You may be thinking, we're a full paragraph into this song review, and she hasn't mentioned the song. Here's where I'll let you in on a secret: this is my actual first rodeo when it comes to music review, so my inclination is mostly to tell you how excited I was by the title, "Yellow Breeches." My goodness, do I love that creek, but that's a story for another day. In any case, what's to follow may largely use words not germane to music and will likely use words that are actually about music incorrectly. That's not a problem for me, and I hope it isn't for you because I really want you to know how good this song is.
"Yellow Breeches" opens up with a playful, building guitar riff. At first, I even think, "Oh, shoot, I was hoping for something less upbeat." That issue is resolved nearly immediately when the lyrics introduce the notion of fucking up, proving that the riff is just some slice of mischief. Yes, this is exactly the kind of pensive mood I am looking for in a singer-songwriter at this moment. The real game being played in this guitar part is that it never seems to resolve but continues tripping over itself to move the song forward, very much evoking the feeling of a river, or in this case a creek. Stone's frustrated twang lamenting an inner monologue that "won't shut up" reinforces this sense of perpetual fluid motion. It reminds us that much like time, when we allow thoughts to gain forward momentum, they have a tendency to both overwhelm and sweep away whatever is in their path, making the peace of the present moment--or a still lake--elusive.

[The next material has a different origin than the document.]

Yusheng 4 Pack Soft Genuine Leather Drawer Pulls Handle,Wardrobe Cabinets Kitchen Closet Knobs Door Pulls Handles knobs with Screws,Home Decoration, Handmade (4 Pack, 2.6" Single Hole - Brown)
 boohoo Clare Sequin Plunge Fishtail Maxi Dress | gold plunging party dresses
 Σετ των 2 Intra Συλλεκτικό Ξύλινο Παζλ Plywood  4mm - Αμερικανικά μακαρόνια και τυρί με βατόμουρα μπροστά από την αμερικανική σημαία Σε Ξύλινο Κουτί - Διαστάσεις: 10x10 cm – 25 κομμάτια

I imagine I was a teenager in Central Pennsylvania. (I wasn't.) I imagine myself fighting with a friend or lover by the dam in Borough Park in New Cumberland or sitting by the bank in the snow longing for a bygone summer day during which the water and a River Rat supported me and a Ziploc full of weed and American Spirits in being nowhere in particular at no time in particular. The trajectory of these thoughts is surrender as Stone relents the creek into its final destination, the Chesapeake. In the end, a distant, almost vintage, guitar solo overlays our familiar playful riff, inviting us to let go into a subtly psychedelic headspace.
This song gets the Paris seal of approval. If it's any indication of what the rest of the album is like, I cannot wait to hear more. His new song, "Pacific" drops tomorrow 5/14!